Waldemar Rösler in der Liebermann-Villa: Der Sommer der Liebenden

Er war Hoffnungsträger des deutschen Impressionismus. Die Liebermann-Villa erinnert zum 100. Todestag an den fast vergessenen Berliner Maler Waldemar Rösler.

„Man muß sein Gedächtnis schon sehr anstrengen, damit man sich noch dunkel entsinnen kann, daß man einmal Maler war“, schreibt Waldemar Rösler 1915 in einem Feldpostbrief aus dem Ersten Weltkrieg. Ein Jahre später kann die Erinnerung an die Kunst die Realität des Krieges nicht mehr übertönen. Gebrochen nimmt sich Rösler das Leben.

Zum 100. Todestag erinnert die Liebermann-Villa am Wannsee an den fast vergessenen Maler. Rösler gehört zur zweiten Generation der Impressionisten. In der Ausstellung macht gleich das erste Bild den Unterschied zum lässigen Hausherrn deutlich. Während in Max Liebermanns Landschaften Lücken bleiben, um das Licht hindurchzulassen, stellt Rösler die Natur als undurchdringliches Dickicht dar. Aufgebrochen wird die Oberfläche nur durch die Spuren der Industrialisierung. In der „Landschaft mit Lokomotive“ schiebt die Lok ihre schwarze Schnauze aus dem Wald. Jeder Pinselstrich ist entschieden und planvoll gesetzt.
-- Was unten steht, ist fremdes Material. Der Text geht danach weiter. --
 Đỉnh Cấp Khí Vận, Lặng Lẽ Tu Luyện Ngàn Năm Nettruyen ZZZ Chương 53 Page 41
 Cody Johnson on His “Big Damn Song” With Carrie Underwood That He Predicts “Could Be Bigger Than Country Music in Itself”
Rösler „baut seine Bilder wie der Architekt seine Häuser“, schreibt Liebermann über den jüngeren Kollegen.

Übermütig leuchtende Farben

Rösler kommt 1882 als Sohn eines Fotografen in Dresden zur Welt und wächst in Königsberg auf. Er studiert an der Kunstakademie, lernt dort seine spätere Frau Oda Hardt kennen, die ebenfalls Malerei studiert. Die Königsberger Akademie ist zu dieser Zeit eine der wenigen Hochschulen, die Frauen aufnehmen. Mit Oda Hardt verbringt Rösler einen Sommer auf dem Rittergut ihrer Familie. Hier entsteht eines der schönsten Bilder der Ausstellung: „Das Blaue Beet“ von 1905. Nie wieder leuchten Röslers Farben so übermütig wie in diesem Sommer der Verliebtheit. Nach der Hochzeit zieht das Ehepaar 1906 nach Berlin-Lichterfelde.
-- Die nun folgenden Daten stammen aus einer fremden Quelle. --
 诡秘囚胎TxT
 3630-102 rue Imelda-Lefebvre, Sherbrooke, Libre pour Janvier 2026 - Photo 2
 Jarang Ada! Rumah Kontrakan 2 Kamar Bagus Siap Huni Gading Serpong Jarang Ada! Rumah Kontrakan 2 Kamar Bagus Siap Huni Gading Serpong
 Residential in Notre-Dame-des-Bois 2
Das ehemalige Dorf liegt zwölf Kilometer vom Stadtzentrum entfernt, deshalb sind für die Anwohner die gerade entstehenden Verkehrsanbindungen wichtig. Rösler malt den Teltowkanal, die halbfertigen Straßen mit Häusern und Brachen, den Bahndamm. Die Stadt befindet sich im Umbruch, Leerflächen, Industrie und Natur verzahnen sich zu einer rauen Vorstadtlandschaft. Aber Rösler wendet den Blick der Impressionisten auf die Natur an, rückt in der Siedlung die Bäume in den Vordergrund, am Kanal die Auen und an der Eisenbahn die Felder, die von den Gleisen durchschnitten werden. Rösler malt, wo „Großstadtkehricht in den Gräben liegt und das profane Leben zur Miete wohnt“, wie es der Kunstkritiker Karl Scheffler formuliert.
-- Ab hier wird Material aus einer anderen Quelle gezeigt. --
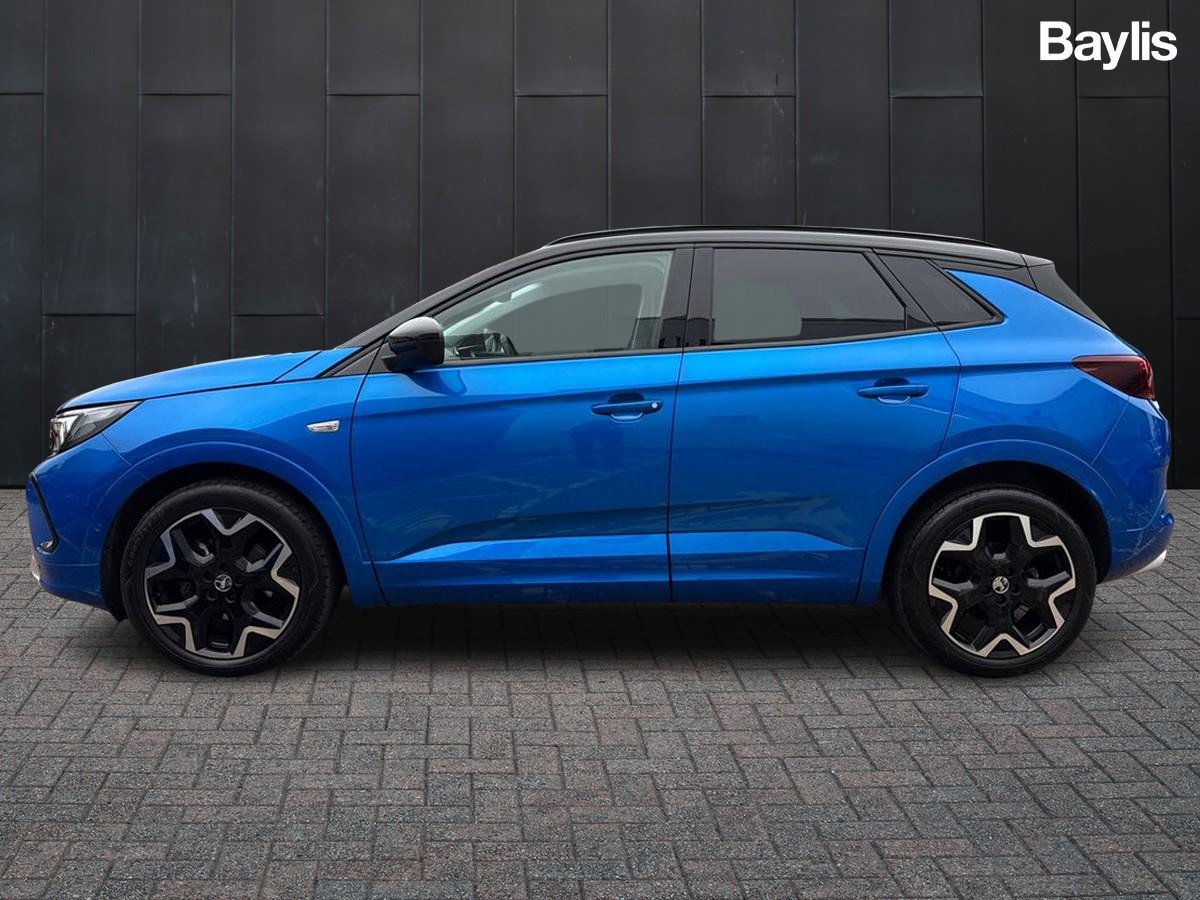 Used Vauxhall Grandland 2023 for sale - 76870719: Photo 8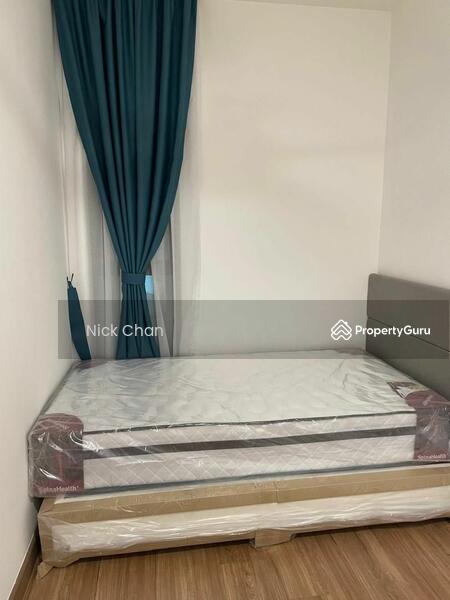 Untuk Dijual - AraTre' Residences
Eine andere Weite öffnet sich beim Sommeraufenthalt im bayerischen Wasserburg am Inn. In einer Zeitungsanzeige hatte das Ehepaar das Angebot gelesen, kostenlos in Wasserburg wohnen zu können im Tausch gegen ein Gemälde. Hier entspannt sich Röslers Malerei, sie wird flüssiger, spontaner.

Mit 34 Jahren nimmt er sich das Leben

Bis 1914 läuft Röslers Karriere auf eine fast bürgerliche Künstlerexistenz hinaus. 1908 stellt er vier Bilder bei der Berliner Secession aus, bekommt gute Kritiken, zwei Jahre später zeigt die Galerie Paul Cassirer eine Einzelausstellung. Max Beckmann empfiehlt ihn für den Vorstand der Secession. Weil er in Berlin bleiben will, lehnt Rösler zwei Berufungen zum Professor ab. In seinem Familienbildnis von 1912 stellt er sich selbst als gediegenen Maler, im Anzug vor der Staffelei dar. Ein robuster, jovialer Mann, seine Zwillinge zur Seite. Im Hintergrund Oda, elegant mit Hut. Der Einbezug der Familie vermittelt ein Gefühl von Sicherheit.

Mit der Einberufung zur Landwehr schwindet diese heile Welt. Vergeblich versucht Rösler, seine Identität als Künstler zu wahren. Mit 34 Jahren nimmt er sich das Leben. Erhalten geblieben ist nur ein schmales Oeuvre. Oda Hardt-Rösler lässt ihren Mann auf dem Familiengut Schildeck begraben und verwahrt hier auch die später von den Nazis verfemten Gemälde. Dann rollt der Zweite Weltkrieg über Waldemar Röslers Landschaften hinweg. 1944 werden rund zweihundert Werke zerstört.

Liebermann-Villa, Colomierstraße 3, bis 30. 1.; Mi bis Mo 11 – 17 Uhr.